Mais la grâce s’était dissipée. Il s’était cru sur le point de trouver les mots exacts qui définissaient le goût du fruit dans sa bouche, ce sentiment d’être vivant pour la première fois. « Ce fruit, c’était la vie même », dit-il, mais maintenant les mots étaient inadéquats et vides ; l’instant de grâce était passé et ceux qui l’écoutaient ne comprendraient plus. « La joie que je ressentis en le goûtant était… si parfaite que je voulus la faire connaître à ma famille aussi. L’idée m’était insupportable de posséder ce fruit incomparable, d’avoir ce goût de vie dans la bouche, alors que ma famille n’en savait rien, ne le partageait pas avec moi. Je vous cherchai donc des yeux ; vous n’étiez pas dans la direction d’où j’étais venu mais, en me retournant, je m’aperçus qu’une rivière coulait près de l’arbre et je distinguai, un peu en amont, Rasa et nos deux fils, Issib et Nafai, qui regardaient autour d’eux comme s’ils se demandaient où aller. Je les appelai, je leur fis des signes et ils me virent enfin ; ils me rejoignirent, je leur donnai du fruit et ils en mangèrent ; ils ressentirent alors ce que je ressentais ; eux aussi, il leur sembla que la vie les pénétrait pour la première fois, je le vis bien. Ils étaient vivants auparavant, bien entendu, mais désormais ils savaient pourquoi ils vivaient, ils étaient heureux de vivre. »

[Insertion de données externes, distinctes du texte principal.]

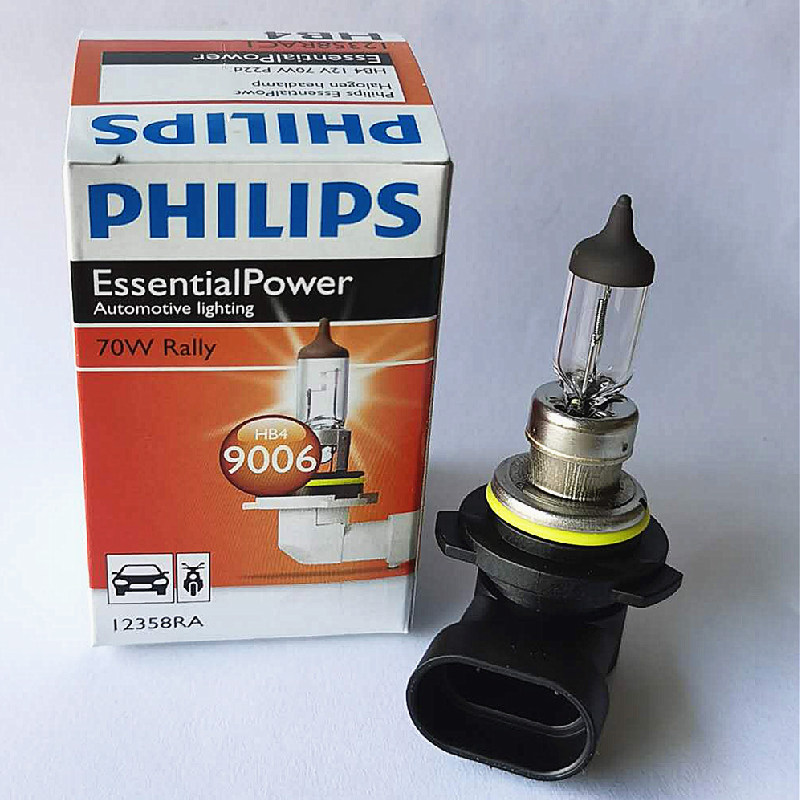飞利浦汽车汽车灯灯泡hb4900612v70w光灯前大灯超亮型汽车灯泡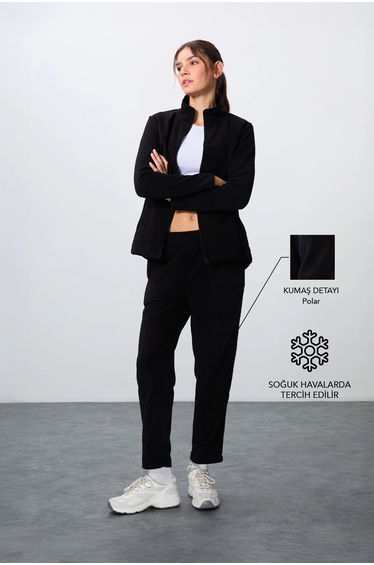 TOMMY Women's Long-Sleeve Zipper Tracksuit Set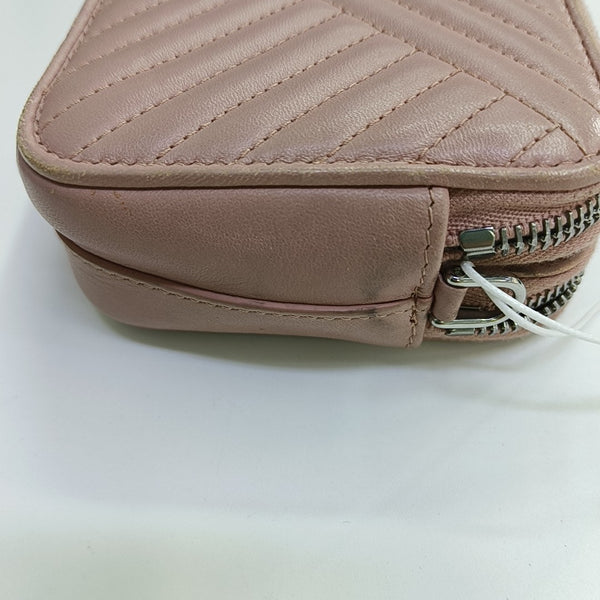 Quilted Lambskin Shoulder Bag Mini Pink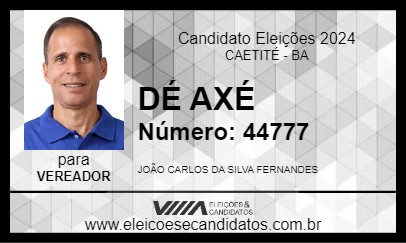 Candidato DÉ AXÉ 2024 - CAETITÉ - Eleições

Volemak ne pouvait retenir les larmes qui ruisselaient sur ses joues. Le souvenir de son rêve était si vif, si puissant qu’en le racontant il le revivait, et la joie qu’il ressentait était irrépressible, même après une journée de labeur au jardin, même si la poussière du désert se mêlait à sa sueur. Il avait encore le goût du fruit dans la bouche, l’expression de son épouse et de leurs fils dans les yeux. Il ressentait encore l’ardent désir qui l’avait saisi de faire goûter cette joie aussi à Elemak et Mebbekew.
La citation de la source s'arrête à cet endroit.